Data Analytics for Business Capstone
Semester 1, 2023
Assignment 1 (individual assignment)
1. Key information
Required submissions:
Written report (in pdf, due date: Monday, March 27 by the end of the day).
Confidentiality Deep Poll online form (deadline for submission: March 13).
Submission instructions for the report will be posted on Canvas in Week 5.
Weight: 30% of your final grade.
Length: Your written report should have a maximum of 12 pages (single spaced, 11pt). Cover
page, references, and appendix (if any) will not count towards the page limit.

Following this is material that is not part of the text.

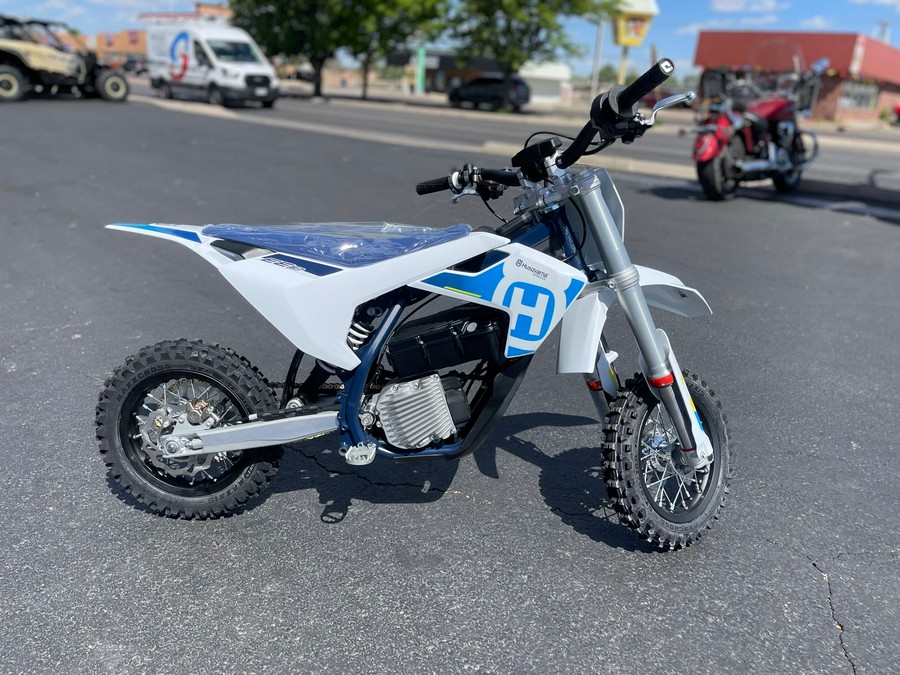 2024 Husqvarna EE 3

Please keep in
mind that making good use of your audience’s time is an essential business skill: every
sentence, table or figure should serve a purpose.
2. Problem description
Please start by reading through the Project Outline document for your industry project, which
you can find on the “Learn about our industry projects page” in the Week 1 module on Canvas.

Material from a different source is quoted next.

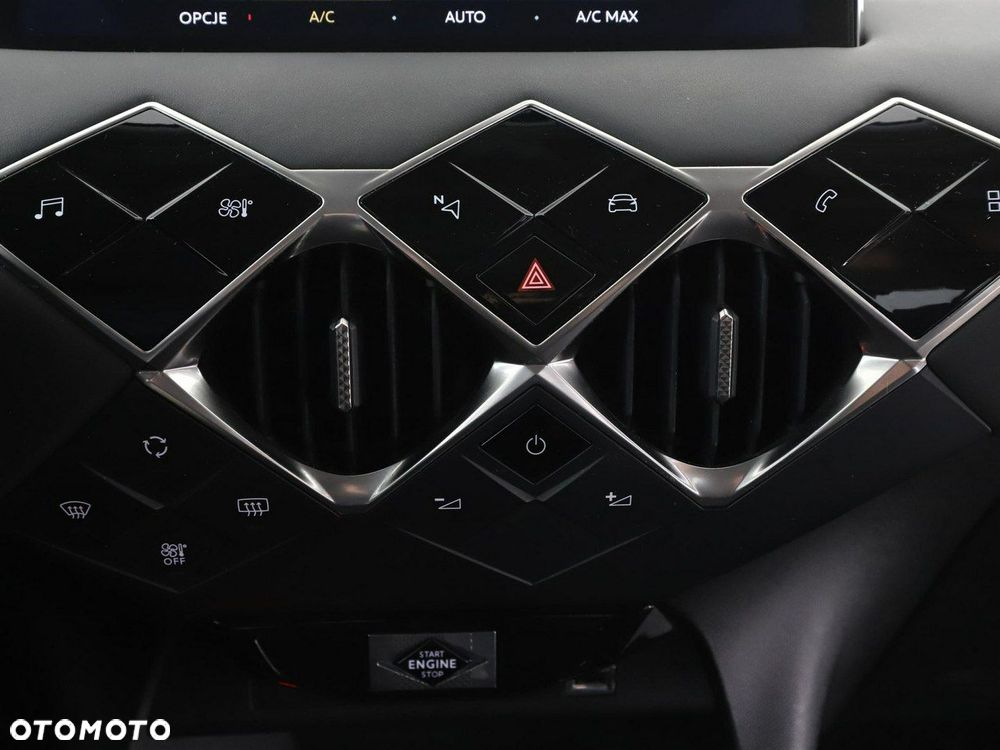 DS Automobiles DS 3 Crossback 1.2 PureTech Grand Chic - 28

Focus on the Problem Description section of the Project Outline, especially the first and
the third bullet points (EDA and Strategy), which are the most relevant bullet points for
Assignment 1. Both your analysis and your recommendations should be in line with the
requirements/suggestions provided in the Project Outline.

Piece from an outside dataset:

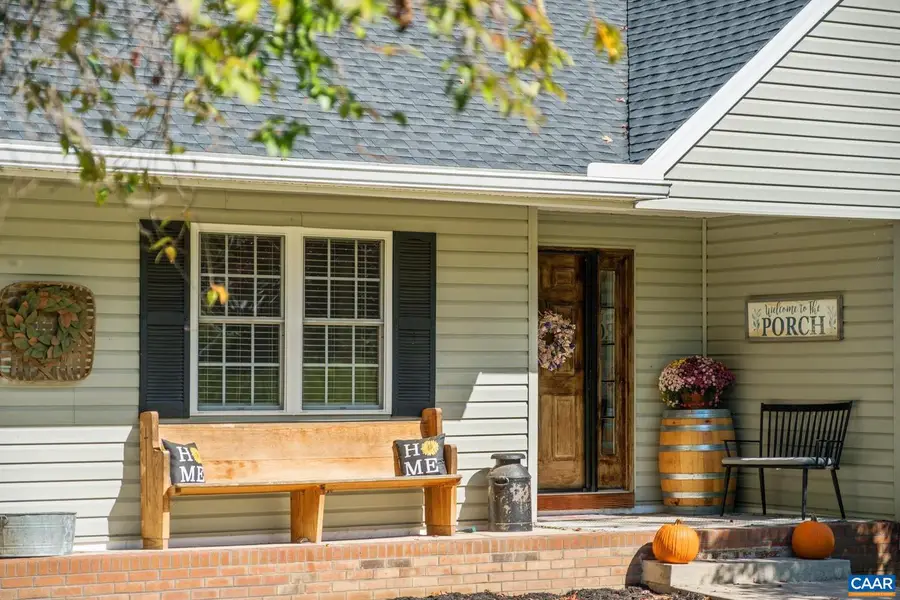 1196 Howardsville Tpke, Stuarts Draft, VA 24477 - Image #3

As a business analyst, you will conduct Exploratory Data Analysis (EDA) of the data
corresponding to your industry project. You should aim to find or reveal all relevant properties,
characteristics, patterns, and statistics hidden in the data, supporting your findings with
insightful plots and relevant statistical output.
Use the results from your EDA to outline a preliminary strategy or provide preliminary
recommendations to the management team corresponding to your selected industry project.
You will have a chance to refine these recommendations in Assignment 2. Please refrain from
extensive modelling and model selection – you will do them in Assignment 2. However, feel
free to fit simple models (e.g., linear regression or logistic regression) for the purposes of EDA
and understanding the relationships among the variables in the dataset.
BUSINESS SCHOOL
Page 2 of 4
3. Written report
The purpose of the report is to describe, explain, and justify your findings to the management
team corresponding to your selected industry project. You may assume that team members
have training in business analytics, however, they are not experts in statistics or machine
learning. The team’s time is important: please be concise and objective.
Suggested outline for the main parts of the report (further details below):
1. Problem formulation.
2. Data processing.
3. Exploratory Data Analysis (EDA).
4. Conclusions and preliminary recommendations.
You should consider breaking down the longer parts into smaller sections.
4. Marking Scheme
Business context and problem formulation. 5 marks
Data processing. 30 marks
Exploratory Data Analysis (EDA). 45 marks
Conclusions and preliminary recommendations. 10 marks
Writing and presentation of the report. 10 marks
Total 100 marks
5. Rubric (basic requirements)
Business context and problem formulation. Your report gives a detailed description of the
problem that is being investigated, providing the context and background for the analysis.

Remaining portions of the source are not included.